Memasuki jatuhnya usaha kecil, oleh karena itu pemerintah bergerak memberikan bantuan ke UMKM. “Mereka butuh bantuan, makanya kita keluarkan bantuan presiden produktif Rp 2, 4 juta fresh money, diharapkan bisa menjadi simpanan baru mereka. Kita identifikasi 9 -12 juta (usaha mikro). ”

Selain itu dengan mendapatkan pinjaman direlaksasi, di mana bunganya ditanggung oleh pemerintah. Penerima manfaat dari relaksasi ini sebanyak 40 – 50 juta UMKM termasuk koperasi. Selain itu pajak bagi UMKM juga dibebaskan sebab saat ini omset dari UMKM sedang anjlok.

“Pemerintah berpikir mereka bayar pajak 0, 5% dari omzet, sekarang nggak ada omset, ya nggak usah dipajak. Maka semua dibebaskan ditanggung pemerintah, ” jelasnya.

Ia mengatakan, pemerintah mencoba menganjurkan sangat banyak dukungan kepada UMKM supaya mereka bisa bertahan. Permasalahannya era ini adalah dengan adanya Covid-19 adalah konsumsi menjadi melemah, maka pemerintah berupaya meningkatkan konsumsi.

Upaya pemerintah meningkatkan konsumsi adalah dengan bantuan sosial, sehingga mereka bisa membeli produk-produk sejak UMKM. “Nah waktu kemarin bulan-bulan April, krisis APD, masker, saat ini semua UKM membuat masker, hand sanitizer, dan diharap produk tersebut bisa diserap masyarakat, ” katanya.

Kunci Mengangkat Royong

Sri Mulyani memaparkan dalam menghadapi pandemi corona (Covid-19) ini Indonesia mempunyai modal besar yang disebut temperamen gotong royong. Menurutnya di masa-masa pandemi ini banyak masyarakat dengan saling membantu dengan memberikan tumpuan semampunya.

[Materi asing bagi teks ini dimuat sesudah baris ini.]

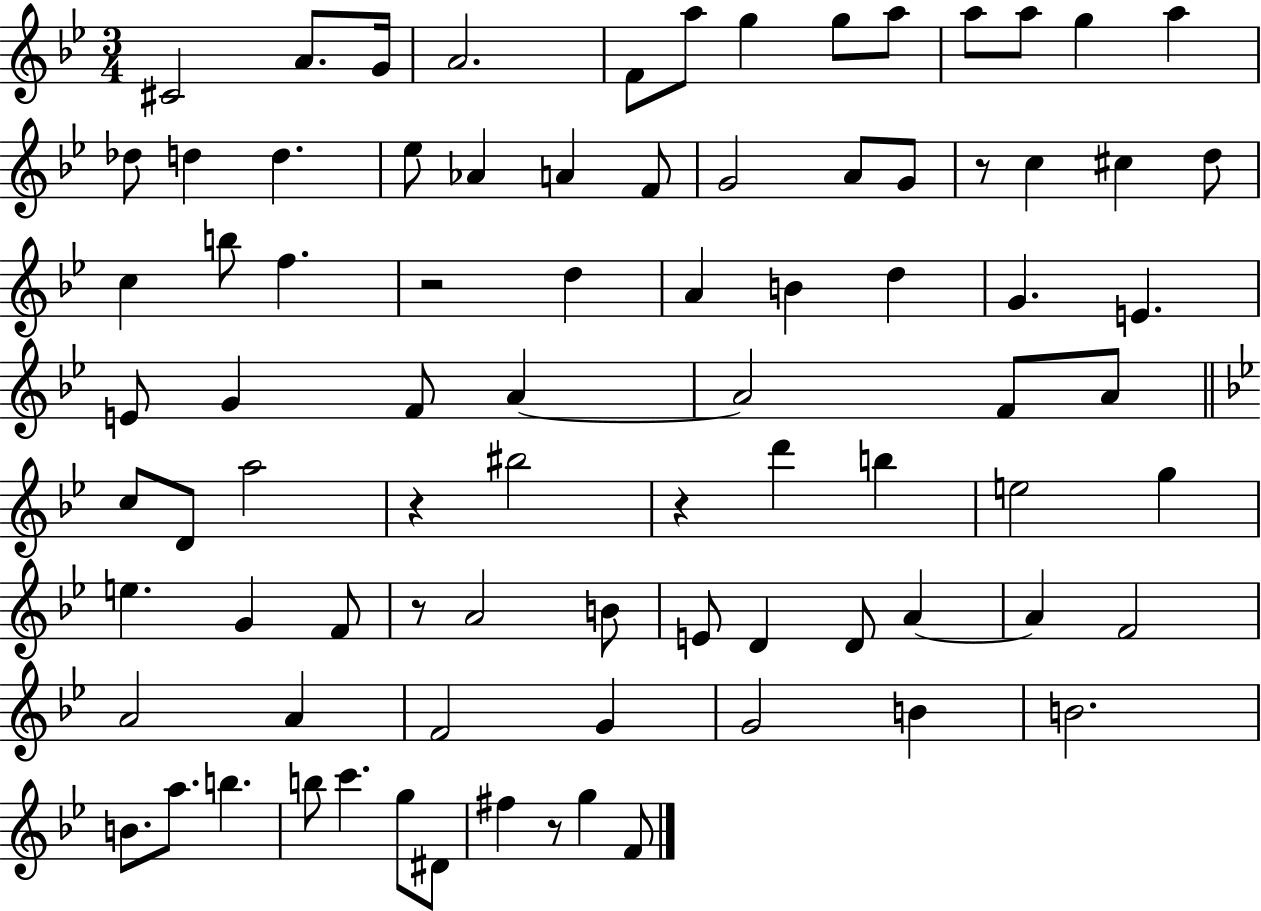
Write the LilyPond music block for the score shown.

{
  \clef treble
  \numericTimeSignature
  \time 3/4
  \key bes \major
  cis'2 a'8. g'16 | a'2. | f'8 a''8 g''4 g''8 a''8 | a''8 a''8 g''4 a''4 | \break des''8 d''4 d''4. | ees''8 aes'4 a'4 f'8 | g'2 a'8 g'8 | r8 c''4 cis''4 d''8 | \break c''4 b''8 f''4. | r2 d''4 | a'4 b'4 d''4 | g'4. e'4. | \break e'8 g'4 f'8 a'4~~ | a'2 f'8 a'8 | \bar "||" \break \key bes \major c''8 d'8 a''2 | r4 bis''2 | r4 d'''4 b''4 | e''2 g''4 | \break e''4. g'4 f'8 | r8 a'2 b'8 | e'8 d'4 d'8 a'4~~ | a'4 f'2 | \break a'2 a'4 | f'2 g'4 | g'2 b'4 | b'2. | \break b'8. a''8. b''4. | b''8 c'''4. g''8 dis'8 | fis''4 r8 g''4 f'8 | \bar "|."
} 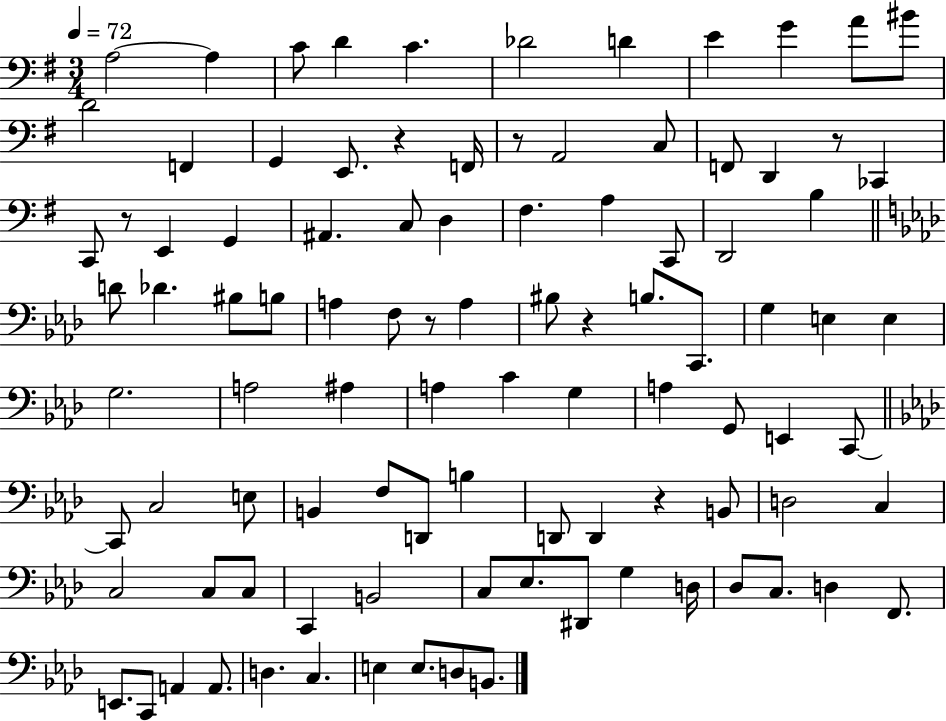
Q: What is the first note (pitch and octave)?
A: A3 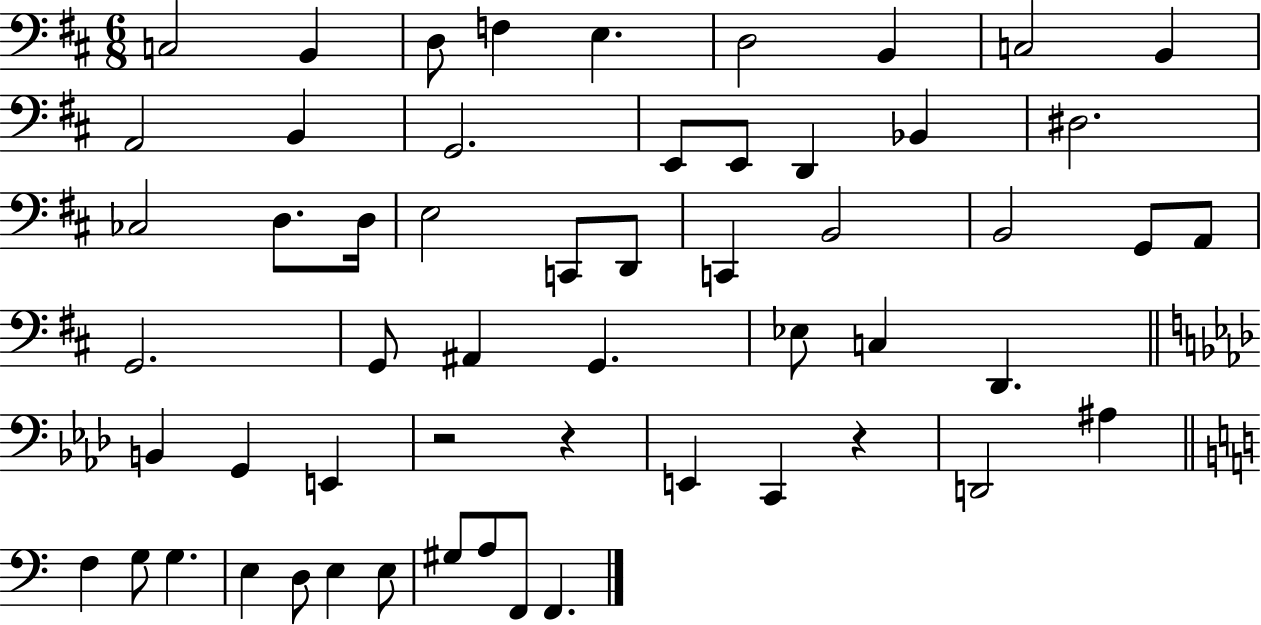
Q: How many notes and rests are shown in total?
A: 56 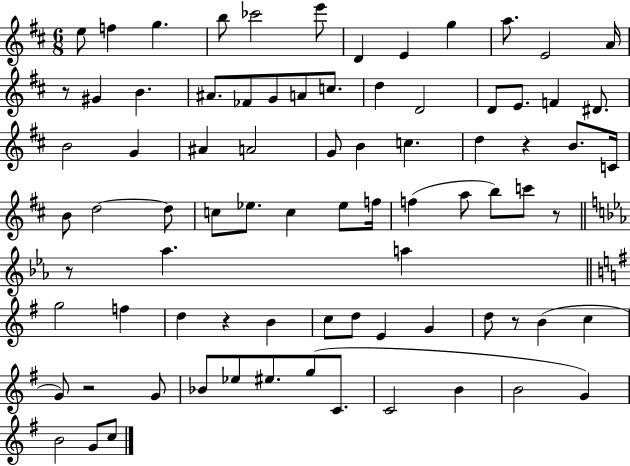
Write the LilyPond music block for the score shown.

{
  \clef treble
  \numericTimeSignature
  \time 6/8
  \key d \major
  e''8 f''4 g''4. | b''8 ces'''2 e'''8 | d'4 e'4 g''4 | a''8. e'2 a'16 | \break r8 gis'4 b'4. | ais'8. fes'8 g'8 a'8 c''8. | d''4 d'2 | d'8 e'8. f'4 dis'8. | \break b'2 g'4 | ais'4 a'2 | g'8 b'4 c''4. | d''4 r4 b'8. c'16 | \break b'8 d''2~~ d''8 | c''8 ees''8. c''4 ees''8 f''16 | f''4( a''8 b''8) c'''8 r8 | \bar "||" \break \key ees \major r8 aes''4. a''4 | \bar "||" \break \key g \major g''2 f''4 | d''4 r4 b'4 | c''8 d''8 e'4 g'4 | d''8 r8 b'4( c''4 | \break g'8) r2 g'8 | bes'8 ees''8 eis''8. g''8( c'8. | c'2 b'4 | b'2 g'4) | \break b'2 g'8 c''8 | \bar "|."
} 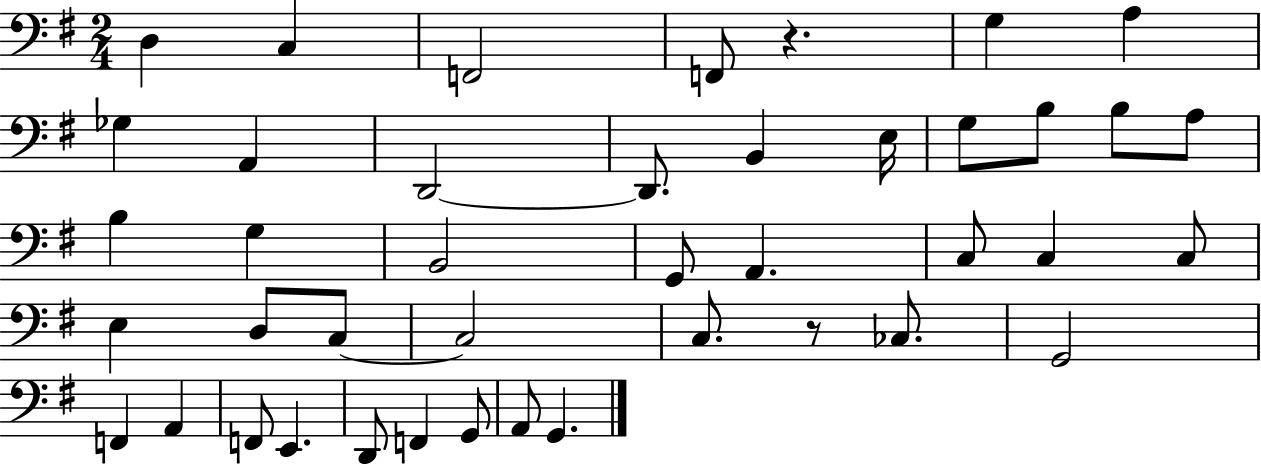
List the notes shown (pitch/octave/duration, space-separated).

“Orang-orang letakkan (bahan makanan) di pagarnya silahkan ambil seperlunya ada mie instan dan kebutuhan lainnya, ” katanya.

Dalam situasi pelik seperti saat ini semangat mengangkat royong yang menjadi budaya Nusantara makin nampak. Budaya gotong royong yang dimiliki bangsa Indonesia makin gaungnya sampai keluar negeri.

Selama 12 tahun dia pernah tinggal di luar kampung menurutnya setiap berkenalan dengan karakter asing dan mengetahui dirinya berawal dari Indonesia, mereka akan menyebut  orang Indonesia adalah orang baik. Menurutnya sosial masyarakat kita adalah keharmonisan.

“Anak-anak muda crowdfunding , itu selalu ada, mereka tahu dalam keluarga masing-masing mereka tidak hidup menjadi dirinya sendiri. Kebanyakan orang kita itu orang cara, saya anggap sosial capital, ” paparnya.

Modal sosial yang dimiliki orang Indonesia apalagi sudah pernah disampaikan oleh Kepala Soekarno yang disebut dengan temperamen gotong-royong di dalam pidato politiknya. Semangat ini sudah muncul sejak kelahiran Republik Indonesia.

“Capital dari masyarakat, kita tugasnya terus memelihara, menjaga, dan menyuburkan, itu harganya priceless , ” tuturnya.